Authenticity Featured

8:00pm EDT August 26, 2008

In James H. Gilmore’s opinion, much of the world is fake.

In today’s marketplace, he says consumers traverse “an increasingly unreal world, where parents are buying birthday parties at arcade outlets, you’ve got the Geek Squad costume guys repairing computers and people are taking vacations at Atlantis or a theme park in Orlando.”

The idea of authenticity — or lack thereof — in business shouldn’t be dismissed as an abstract, existential exercise. In fact, Gilmore, co-founder of consulting firm Strategic Horizons LLP, says that the concept is the new business imperative. In a world increasingly filled with staged experiences, consumers are now making decisions based on how real they perceive a given product or service to be.

This isn’t a recent revelation for Gilmore. Together with business partner B. Joseph Pine II, he first introduced the concept in 1999 in the perennial bestseller “The Experience Economy: Work Is Theatre & Every Business a Stage.” It’s only with the release of their most recent book, “Authenticity: What Consumers Really Want,” that the idea has been thoroughly articulated for the masses, and people are taking notice. TIME magazine recently named the notion of authenticity in business as one of “10 Ideas That Are Changing the World.”

So what does this mean for your business? Potentially everything, Gilmore says.

“In order to be perceived as authentic or real, businesses need to learn how to take specific steps that can be best described as rendering authenticity — gaining the perception of being real,” he says.

To begin, simply ask yourself, “Where are we most fake?” Citing Dave & Buster’s as an example, Gilmore points to the restaurant and arcade’s ticket redemption center.
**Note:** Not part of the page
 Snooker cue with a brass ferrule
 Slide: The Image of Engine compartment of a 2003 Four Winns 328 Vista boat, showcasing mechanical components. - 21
“You get all these points on your card, and you go upstairs to redeem it for cheap (prizes) made in China,” he says. “I’d much rather take my company to an outing where points go to some cause in Cleveland, some inner city reading program kind of thing than one where everybody wins points that go toward some cheap, Nerf-ball thing.”

The process of evaluating authenticity can be challenging, especially when each individual’s perception of real or fake can be different. Gilmore says that you need to embrace this fact. Instead of stubbornly sticking to patterns of mass production, mass marketing and mass distribution, he suggests taking a more customized approach.
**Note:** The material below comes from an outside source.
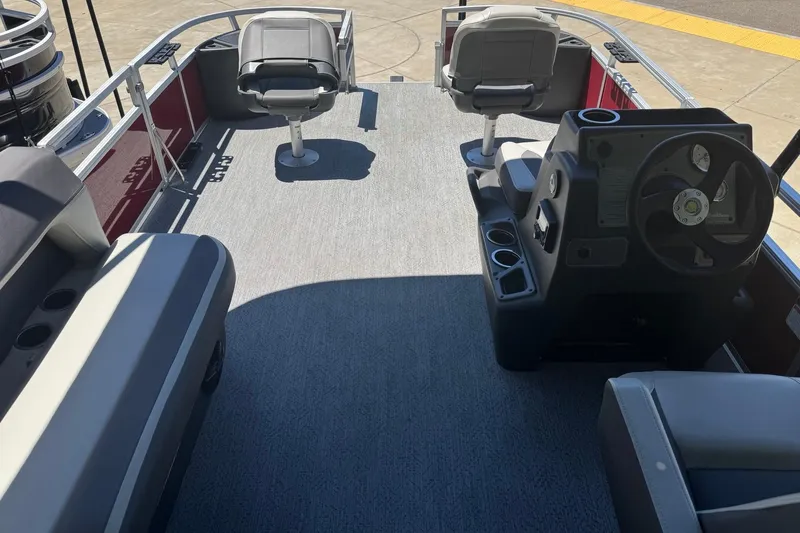 Slide: The Image of 2026 Sun Tracker Bass Buggy 18 DLX pontoon boat interior with seating and steering console. - 7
“You go to NikeID and design your own shoes,” he says. “M&Ms are letting you now print customized M&Ms with words on it.”
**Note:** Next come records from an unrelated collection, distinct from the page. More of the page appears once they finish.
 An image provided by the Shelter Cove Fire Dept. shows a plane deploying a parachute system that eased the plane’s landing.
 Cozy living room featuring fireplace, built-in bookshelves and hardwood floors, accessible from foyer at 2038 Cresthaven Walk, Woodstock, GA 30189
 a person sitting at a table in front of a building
Gilmore isn’t suggesting that you completely change your business model to accommodate the unique needs of each individual consumer. Instead, look for aspects of your business in which customer customization is possible.

“(The) dimensions of your business where traditionally you relied on a few smart people in a cubicle or office to decide, let customers themselves design and customize it,” he says.

As you make these changes, don’t brand yourself as authentic, live it.

“You should not, should not, should not self-proclaim your own authenticity,” Gilmore says. “Don’t say you’re authentic. Be authentic. If I were to meet you the first time face to face and shake your hand and say, ‘I want to let you know right off the bat how very authentic I am,’ you’d look at me like, ‘What are you crazy?’”

On the flip side, Gilmore says that acknowledging your own inauthenticity can actually make you appear more real.

“In some ways, it’s really helpful to know you’re absolutely fake and contrived,” he says. “It’s almost easier than people saying, ‘Based on our history, we’re the original company in this category. We’ve been here since 18-whatever.’

“Sometimes, that’s a disservice because you think you’re the authentic one when you’re just as manmade as anybody else. You’re just older.”

A winning streak

TIME magazine recently labeled authors James H. Gilmore and B. Joseph Pine II “legendary business consultants” in an article citing the duo’s book “Authenticity: What Consumers Really Want.”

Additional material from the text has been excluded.